Each line below must be reproduced exactly, though the pictures are to be dropped.

DATASET EXCERPT:
:::
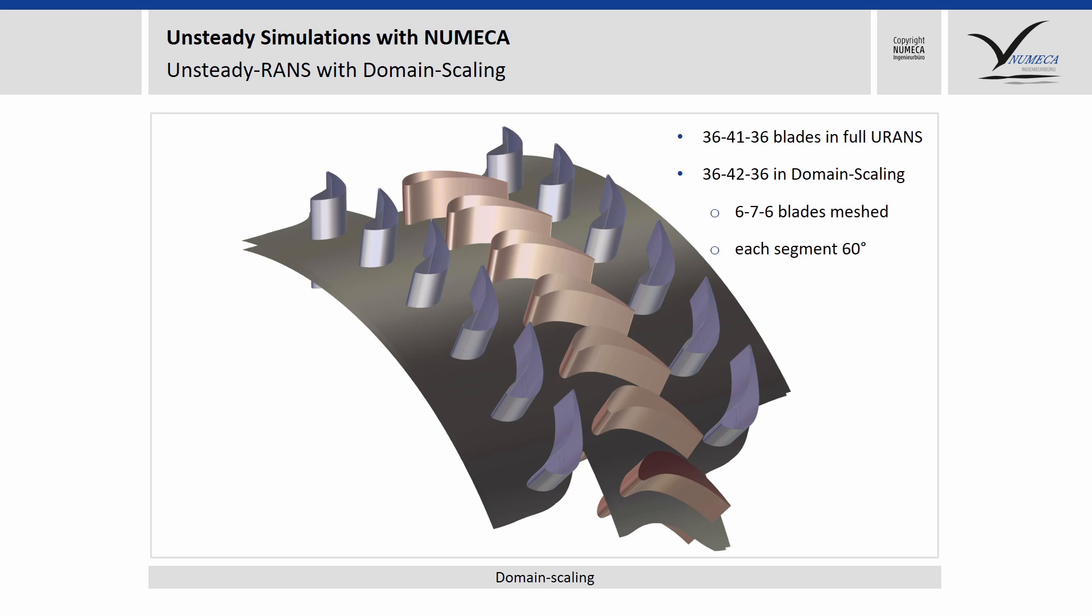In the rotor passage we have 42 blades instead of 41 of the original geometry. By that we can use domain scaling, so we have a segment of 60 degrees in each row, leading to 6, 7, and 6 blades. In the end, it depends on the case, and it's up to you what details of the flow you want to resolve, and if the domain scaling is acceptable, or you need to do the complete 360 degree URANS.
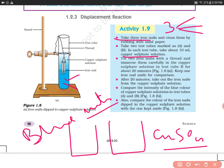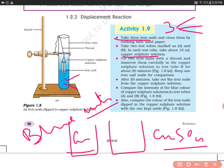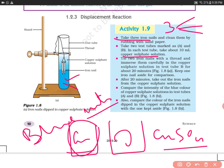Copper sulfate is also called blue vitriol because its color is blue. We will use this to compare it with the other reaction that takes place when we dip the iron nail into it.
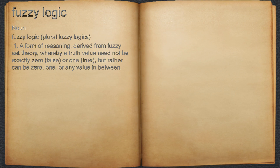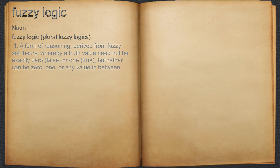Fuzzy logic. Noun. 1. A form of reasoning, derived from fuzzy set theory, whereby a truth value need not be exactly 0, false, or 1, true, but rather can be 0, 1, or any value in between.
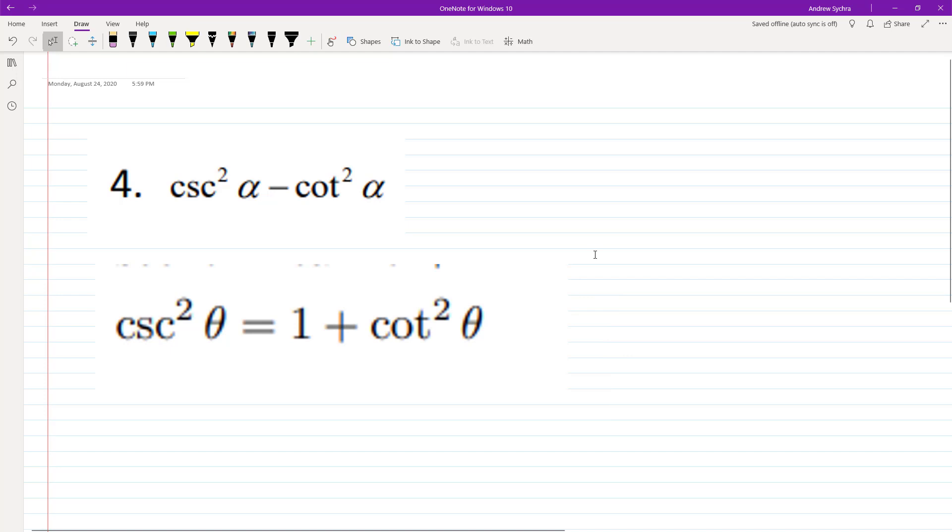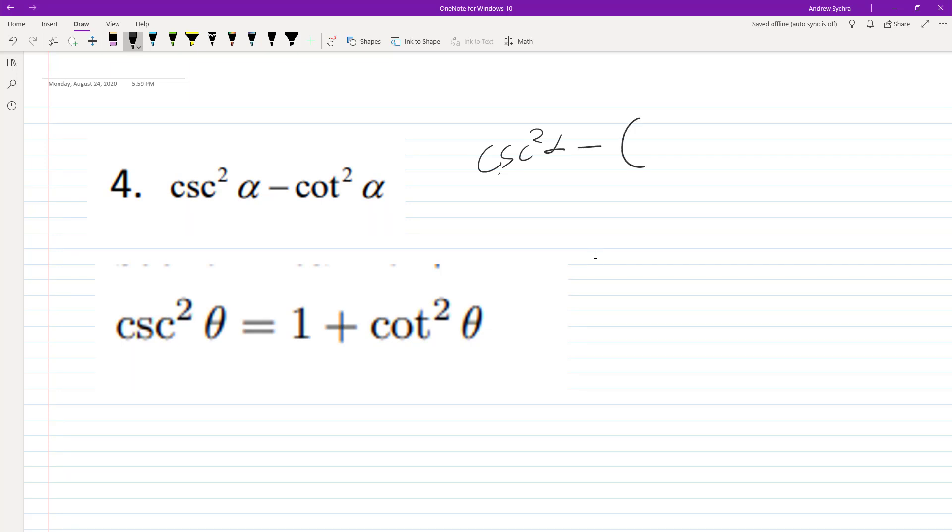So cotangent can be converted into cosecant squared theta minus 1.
:::
WORKED SOLUTION:
In the rotor passage we have 42 blades instead of 41 of the original geometry. By that we can use domain scaling, so we have a segment of 60 degrees in each row, leading to 6, 7, and 6 blades. In the end, it depends on the case, and it's up to you what details of the flow you want to resolve, and if the domain scaling is acceptable, or you need to do the complete 360 degree URANS.
Copper sulfate is also called blue vitriol because its color is blue. We will use this to compare it with the other reaction that takes place when we dip the iron nail into it.
Fuzzy logic. Noun. 1. A form of reasoning, derived from fuzzy set theory, whereby a truth value need not be exactly 0, false, or 1, true, but rather can be 0, 1, or any value in between.
So cotangent can be converted into cosecant squared theta minus 1.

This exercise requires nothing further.